METI works as a community development organisation through a small training team of eight qualified trainers who deliver training to the people in the villages. On this basis, they can reach only a few people. To scale up their training, METI needed a different approach.

METI developed a model in which select people from the rural villages were chosen for special training to enable them to deliver METI’s programmes to the villages. These select people were referred to as Taiala (Samoan for ‘path-breakers’) or community development workers in Samoan villages. Among the Taiala are retired public servants and ‘housewives’. METI aims to expand the number of Taiala to 50 who will work across 50 of Samoa’s 300 villages.

In 2012-2013, COL supported the training of the 8 METI staff as Life Skills Coaches which contributed to their achieving a qualification recognised by the Samoa National Qualifications Authority. Their training continued in September 2013 with mentoring of the group as they delivered cascaded training to the Taiala.

In January 2014 METI’s internal team of trainers were trained to write self- instructional materials. They in turn would work with the Taiala, based on the training they received. The focus of the workshop was on producing a self-instructional manual on Permaculture that is targeted at the Taiala entitled: Introduction to Permaculture: A self instructional manual for TAIALA.

The workshop outputs included developing profile of learners in order to inform the materials design; a course blueprint and the Life Skills Coach Training Manual to be used with the Taiala. The workshop also focused on clarifying the difference between copyright and OERs and introduced Creative Commons licensing as well as raise awareness about gender-sensitive writing.

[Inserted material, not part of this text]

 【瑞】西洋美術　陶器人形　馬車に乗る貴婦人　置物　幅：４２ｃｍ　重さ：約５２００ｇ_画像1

The benefit to METI of having the Life Skills Coach Training Manual is that previously, all the collective wisdom and training content of METI was held by the Director. They are now in a stronger position for the future with resource based learning.

In September 2014, COL hired a consultant to review the existing materials, design and facilitate further capacity building on instructional design, and review the revised learning materials after the team had edited and developed them.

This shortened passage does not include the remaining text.